CEREBRAL PALSY GENOMICS

We serve as the genomics hub for the Cerebral Palsy Research Network (CP Research Network).

The CP Research Network is a North American consortium comprised of more than 30 centers of excellence in cerebral palsy research and care. The CP Research Network seeks to use data from contributing centers to establish gold standards for CP diagnosis and treatment. 

Lab PI Michael Kruer serves as both site PI for Phoenix Children's Hospital and leader of the genomics hub for the network. Collaborating with colleagues within the CP Research Network has allowed the lab to launch the NIH-funded Genetic Causes of CP study, dedicated to understanding the genomic landscape of CP." 
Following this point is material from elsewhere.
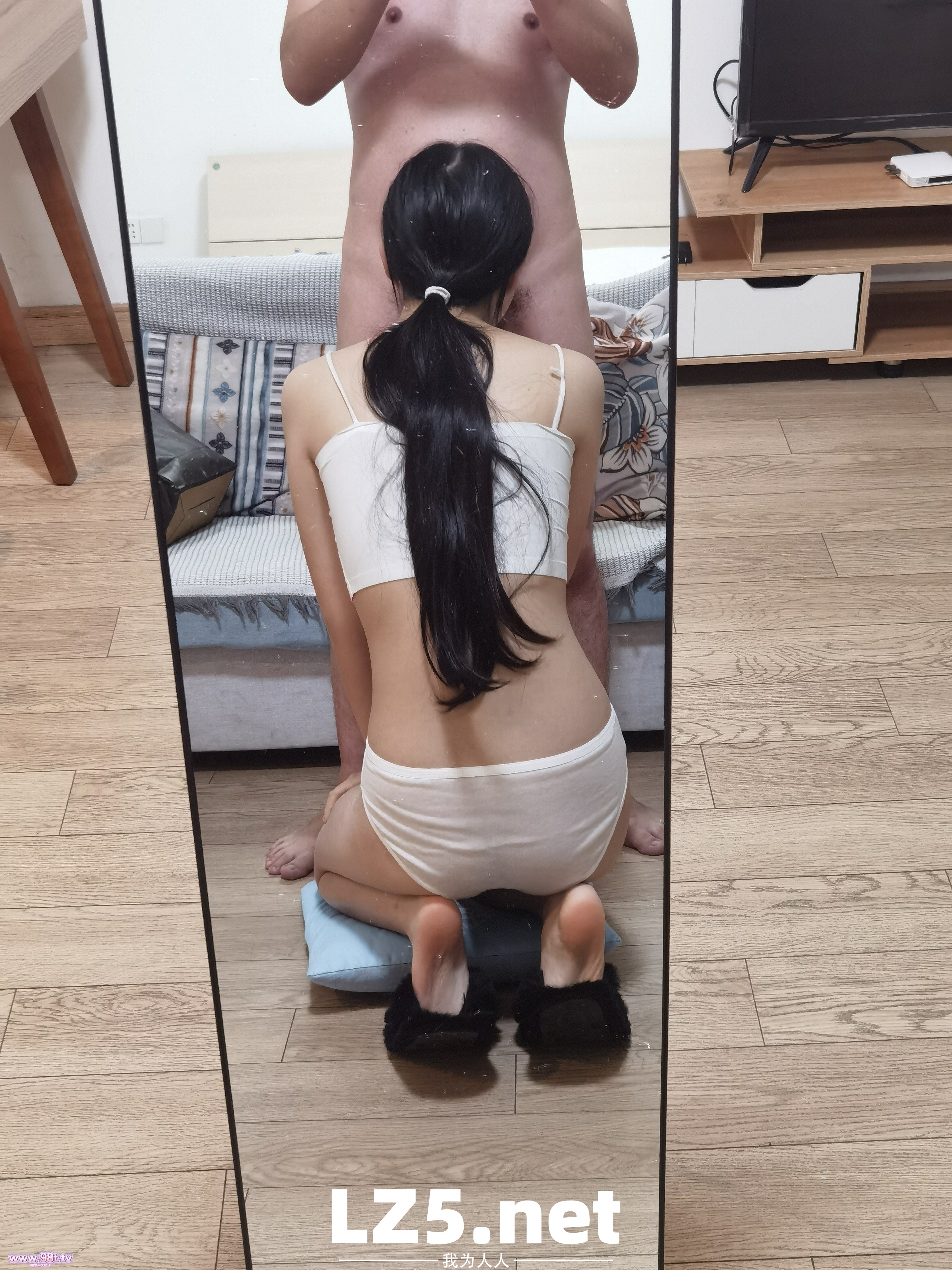 纯白吊带少女镜前口交【36P+手势验证】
MECHANISMS OF HEALTH & DISEASE

Although identifying the genetic basis of a disorder represents a major achievement, it is often the first step to understanding the mechanisms involved.

Ongoing studies within the lab include studies of cellular CoA handling, the RHO GTPase pathway, and the integrated stress response. 
We use a variety of techniques in order to understand both normal cellular biology and how genetic variants disrupt the trajectory of brain development. These encompass yeast models, mammalian cell lines (including patient-derived cells), Drosophila, and neuronally differentiated iPSCs.
Within our research group, bioinformaticians and computational biologists, physicians, neuroscientists, geneticists, and molecular and cell biologists work side-by-side to answer challenging questions.
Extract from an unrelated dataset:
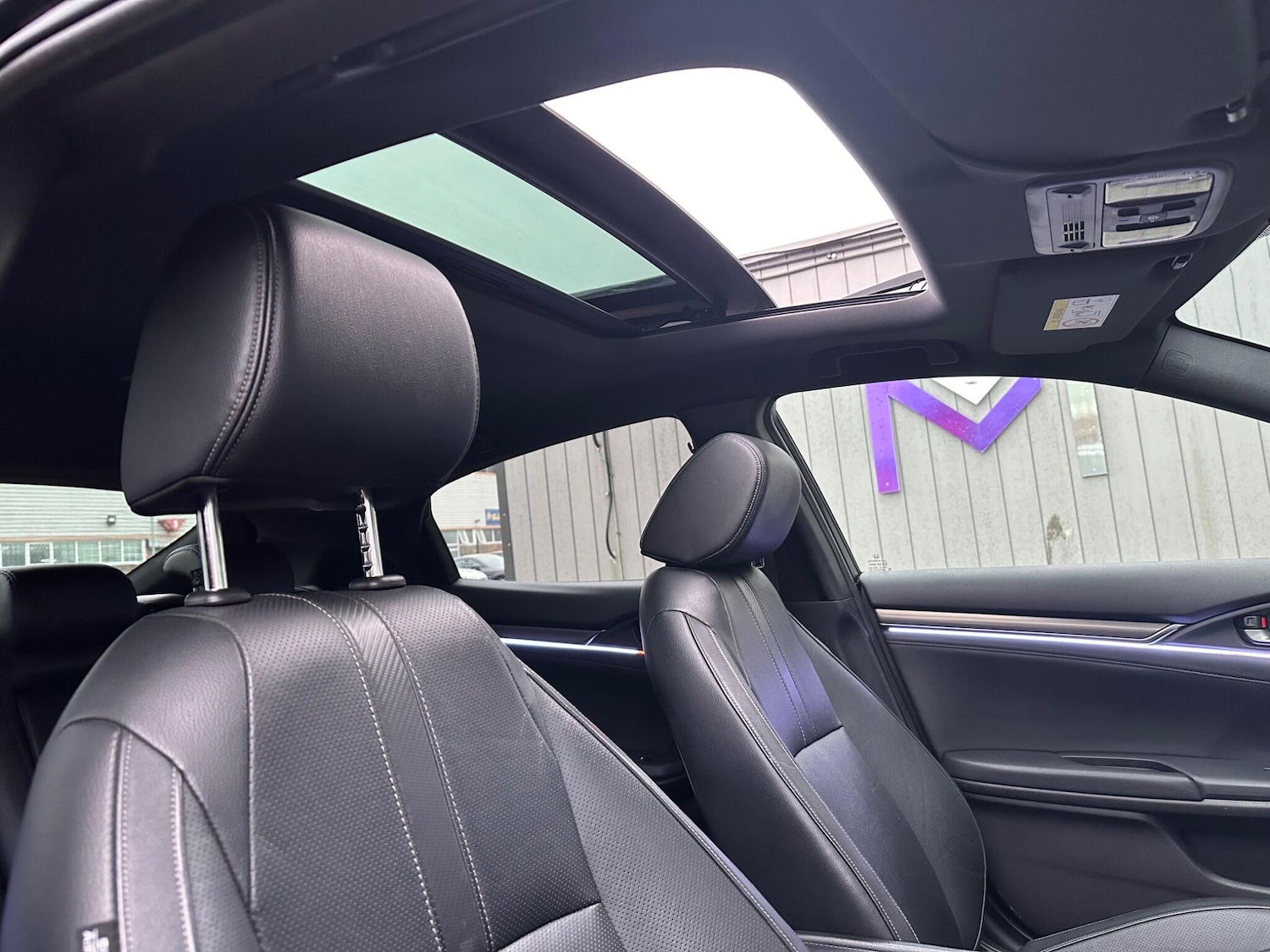 Used Honda Civic 2018 for sale - 76634293: Photo 9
RARE PEDIATRIC MOVEMENT DISORDERS RESEARCH

From the patients we see at the Barrow Neurological Institute, Phoenix Children’s Hospital and supported by partnerships with referring physicians and families.

We enroll patients with chorea, dystonia, ataxia, juvenile parkinsonism, and other movement disorders in our studies in order to decipher the fundamental cause of what is often a rare, undiagnosed childhood neurological disease.